Fear of falling and desire to fly

Never did I think that a rosary beads could move me and move me. But to receive one from B’s hands, at a time when he was leaving the House, to know that he spent some of his precious time and resources to leave me something tangible from the short time we spent together really touched me deeply, and this gesture helps restore meaning to this experience of mine in Scalabrini House 634.

B left the House yesterday and moved in with D, about whom I told a few posts ago. The moment of the exit moved everyone. The two appeared tense, worried and very sad. We are talking about young men not so accustomed in legitimizing themselves to express and tell their emotions. Yet they did so, telling us of their fears and uncertainties, with respect to this new station on their journey.

So far Italy, Rome in particular, have meant the various facilities that represent first reception and are called by cold acronyms: CAS, SPAR, SAI. Places where space and personal freedom are limited, but which offer the cot on which to rest, the hot meal, two pennies for coffee and a croissant.

Then, in more or less random circumstances, the landing in this strange place, Scalabrini House 634, better than the centers, but still far from autonomy and freedom. The reprimands for cleanliness in the room and common areas, the constant reminders to hurry up and find a room to rent, as if it were easy, and just when you think you’ve gotten away with it for the day and can finally throw yourself on the bed to laze around, someone invariably comes to flush you out for the House dinner, the who-knows-what party, the facility meeting.

But the garden and the painted wall that separates from the Casilina are a moment of peace after a day of hard work and a protection against a world where everything is so entangled.

Freedom, autonomy are scary, and then, in a part of the world where everything has a price, freedom you have to be able to afford it.
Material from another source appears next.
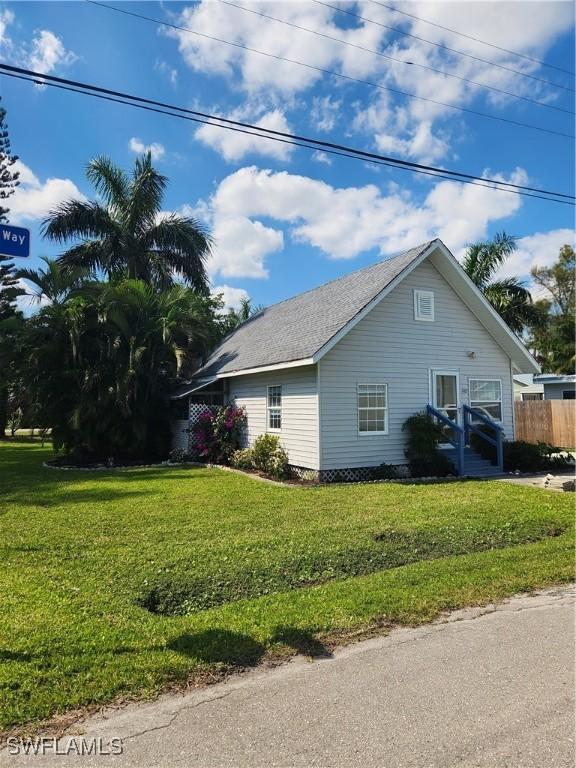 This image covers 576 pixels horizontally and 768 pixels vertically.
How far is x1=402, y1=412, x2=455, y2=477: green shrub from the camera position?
13531 millimetres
Last night we were all moved and we were all trying hard not to start sobbing. It was then that B took out of his pocket a small silver package wrapping a rosary beads, “This is for you, for the good you have done me,” he said. I broke down suddenly and could not hold back the tears. I lowered my head and muttered, “I apologize .” But B put a hand on my shoulder and reassured me, telling me that, sometimes, it happens to him too. I thought, bleep, if this happens to B… Do you want it not to happen to me? Then, by now, I have reached that age in which you are even moved by La Pimpa.

We loaded the van and headed to their new quarters. Unloading our luggage, in front of the gate we looked at each other and, almost in chorus, exclaimed, “Selfie!” Now we were smiling but that one the picture, you will excuse me, I keep it all to myself.